USPTO Director Michelle Lee.

On December 22, 2015, at approximately 7:00 pm, the United States Patent and Trademark Office (USPTO) experienced a catastrophic failure of electronic information systems due to a major power outage at the Office’s headquarters in Alexandria, Virginia. Power that comes into the USPTO main building feeds two power filtration systems that provide steady, filtered power to control against power surges. A malfunction in that power supply caused significant damage to both systems, which caused the failure of both the main and backup systems.

With all USPTO electronic systems down, USPTO Director Michelle Lee declared December 22-24, 2015, a federal holiday within the District of Columbia. The USPTO announcement, in pertinent part, read as follows:

In light of this emergency situation, the USPTO will consider each day from Tuesday, December 22, 2015, through Thursday, December 24, 2015, to be a “Federal holiday within the District of Columbia” under 35 U.S.C. § 21 and 37 C.F.R. §§ 1.6, 1.7, 1.9, 2.2(d), 2.195, and 2.196. Any action or fee due on these days will be considered as timely for the purposes of, e.g., 15 U.S.C. §§ 1051(b), 1058, 1059, 1062(b), 1063, 1064, and 1126(d), or 35 U.S.C. §§ 119, 120, 133, and 151, if the action is taken, or the fee paid, on the next succeeding business day on which the USPTO is open (37 C.F.R. §§ 1.7(a) and 2.196). A subsequent notice is anticipated to be issued as needed if the USPTO’s systems are not fully operational by Monday, December 28, 2015.

According to the Patent Office, Director Lee seems to have relied on some unspecified power under 35 U.S.C. 21(b), which says:

When the day, or the last day, for taking any action or paying any fee in the United States Patent and Trademark Office falls on Saturday, Sunday, or a Federal holiday within the District of Columbia, the action may be taken, or the fee paid, on the next succeeding secular or business day.

Of course, the Director of the USPTO does not have the authority to declare a federal holiday. Federal holidays are created only by Congress and signed into law by the President. Only 10 federal holidays have been created. See 5 U.S.C. 6103(a). Not even the President can declare a federal holiday, although by executive order the President can close an executive agency or give workers a half day, as is customarily done on Christmas Eve or if the day after Christmas falls on a Friday.

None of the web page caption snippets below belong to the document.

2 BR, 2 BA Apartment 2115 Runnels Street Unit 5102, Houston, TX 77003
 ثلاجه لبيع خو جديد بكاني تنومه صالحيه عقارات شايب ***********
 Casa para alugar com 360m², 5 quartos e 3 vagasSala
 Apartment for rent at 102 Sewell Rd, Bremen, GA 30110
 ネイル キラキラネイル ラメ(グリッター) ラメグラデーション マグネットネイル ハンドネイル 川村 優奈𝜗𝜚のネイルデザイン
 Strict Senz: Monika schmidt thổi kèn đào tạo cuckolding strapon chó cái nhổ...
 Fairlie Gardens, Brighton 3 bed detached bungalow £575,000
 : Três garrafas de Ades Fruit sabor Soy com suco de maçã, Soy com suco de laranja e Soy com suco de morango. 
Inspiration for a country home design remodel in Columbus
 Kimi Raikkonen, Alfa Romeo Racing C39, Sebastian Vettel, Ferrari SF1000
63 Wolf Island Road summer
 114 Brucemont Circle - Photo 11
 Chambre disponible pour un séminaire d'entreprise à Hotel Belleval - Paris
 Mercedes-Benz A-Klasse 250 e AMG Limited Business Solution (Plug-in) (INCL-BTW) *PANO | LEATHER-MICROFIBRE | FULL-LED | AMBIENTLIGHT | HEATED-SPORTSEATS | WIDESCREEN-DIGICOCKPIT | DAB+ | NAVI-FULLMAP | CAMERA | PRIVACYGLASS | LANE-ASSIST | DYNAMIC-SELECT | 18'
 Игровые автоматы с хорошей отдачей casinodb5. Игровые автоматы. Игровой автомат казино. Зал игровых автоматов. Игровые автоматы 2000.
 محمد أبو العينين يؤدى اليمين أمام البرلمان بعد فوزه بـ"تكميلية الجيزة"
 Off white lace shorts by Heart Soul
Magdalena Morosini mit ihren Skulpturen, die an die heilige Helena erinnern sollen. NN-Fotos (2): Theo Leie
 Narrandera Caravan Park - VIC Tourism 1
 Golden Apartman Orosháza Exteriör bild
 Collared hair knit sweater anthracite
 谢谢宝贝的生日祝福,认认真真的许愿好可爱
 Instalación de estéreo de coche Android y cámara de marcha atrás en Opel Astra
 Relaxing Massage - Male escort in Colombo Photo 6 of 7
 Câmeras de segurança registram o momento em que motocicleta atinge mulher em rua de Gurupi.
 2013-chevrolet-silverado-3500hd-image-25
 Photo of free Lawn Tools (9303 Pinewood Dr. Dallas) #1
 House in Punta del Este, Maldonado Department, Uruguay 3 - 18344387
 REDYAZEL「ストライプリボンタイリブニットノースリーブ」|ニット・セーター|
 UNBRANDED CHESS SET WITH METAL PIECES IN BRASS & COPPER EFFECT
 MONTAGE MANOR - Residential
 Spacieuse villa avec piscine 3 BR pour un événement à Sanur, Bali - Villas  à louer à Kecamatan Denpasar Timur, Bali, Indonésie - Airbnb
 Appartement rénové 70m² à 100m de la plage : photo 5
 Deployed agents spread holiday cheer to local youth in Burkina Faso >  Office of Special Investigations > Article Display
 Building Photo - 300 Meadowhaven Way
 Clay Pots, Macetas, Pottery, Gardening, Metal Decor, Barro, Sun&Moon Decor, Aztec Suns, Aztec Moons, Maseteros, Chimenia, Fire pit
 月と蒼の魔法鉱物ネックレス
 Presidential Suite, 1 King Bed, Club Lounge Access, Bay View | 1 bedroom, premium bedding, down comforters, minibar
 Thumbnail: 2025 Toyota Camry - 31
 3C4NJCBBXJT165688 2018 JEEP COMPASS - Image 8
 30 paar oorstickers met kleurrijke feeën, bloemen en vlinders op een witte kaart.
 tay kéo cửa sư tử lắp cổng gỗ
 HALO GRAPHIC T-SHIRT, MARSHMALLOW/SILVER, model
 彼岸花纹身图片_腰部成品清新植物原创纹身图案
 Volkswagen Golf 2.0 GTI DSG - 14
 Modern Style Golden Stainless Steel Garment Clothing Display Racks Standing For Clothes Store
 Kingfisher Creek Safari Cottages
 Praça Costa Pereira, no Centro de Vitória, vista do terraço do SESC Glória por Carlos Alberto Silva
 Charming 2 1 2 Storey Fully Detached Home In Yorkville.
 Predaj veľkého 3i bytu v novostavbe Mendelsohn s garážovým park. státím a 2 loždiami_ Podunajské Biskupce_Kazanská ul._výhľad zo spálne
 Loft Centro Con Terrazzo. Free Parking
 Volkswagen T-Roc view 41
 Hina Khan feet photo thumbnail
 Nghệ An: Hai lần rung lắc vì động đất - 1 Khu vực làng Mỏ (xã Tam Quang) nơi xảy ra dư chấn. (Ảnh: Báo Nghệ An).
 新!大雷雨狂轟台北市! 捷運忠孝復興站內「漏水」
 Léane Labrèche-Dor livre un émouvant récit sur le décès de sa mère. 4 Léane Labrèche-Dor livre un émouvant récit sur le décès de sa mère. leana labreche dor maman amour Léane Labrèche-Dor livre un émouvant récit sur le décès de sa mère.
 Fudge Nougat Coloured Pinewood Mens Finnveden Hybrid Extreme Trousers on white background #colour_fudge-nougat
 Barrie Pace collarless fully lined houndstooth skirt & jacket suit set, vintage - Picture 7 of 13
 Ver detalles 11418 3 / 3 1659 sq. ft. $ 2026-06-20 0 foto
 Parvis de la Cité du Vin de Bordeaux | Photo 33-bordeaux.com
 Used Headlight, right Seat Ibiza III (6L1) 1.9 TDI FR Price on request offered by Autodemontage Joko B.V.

In retrospect, the proper thing for Director Lee to have done would have been to declare an emergency under the powers vested in her by 35 USC 21(a). Under §21(a) the Director of the USPTO can declare that a paper was filed on a day that it would have been filed but for a disruption in mail service or emergency. A catastrophic failure of transformers at the USPTO that brought down all electronic systems would seem to qualify as an emergency, particularly in 21st Century America where over 99% of all filings sent to the USPTO arrive via electronic filing. [1]

The net effect of Director Lee having declared an emergency, which she clearly has the power to do, is that any filing would have been treated the same as under the Saturday, Sunday or Federal holiday rule. I explained this all in an article on December 29, 2015, and urged the USPTO to clarify that Director Lee had not created a new federal holiday, but rather declared an emergency. The USPTO was made aware of the article, but no such clarifications were ever issued. The Patent Office was content with Director Lee declaring December 22-24, 2015 as federal holidays, which clearly she had no right to do.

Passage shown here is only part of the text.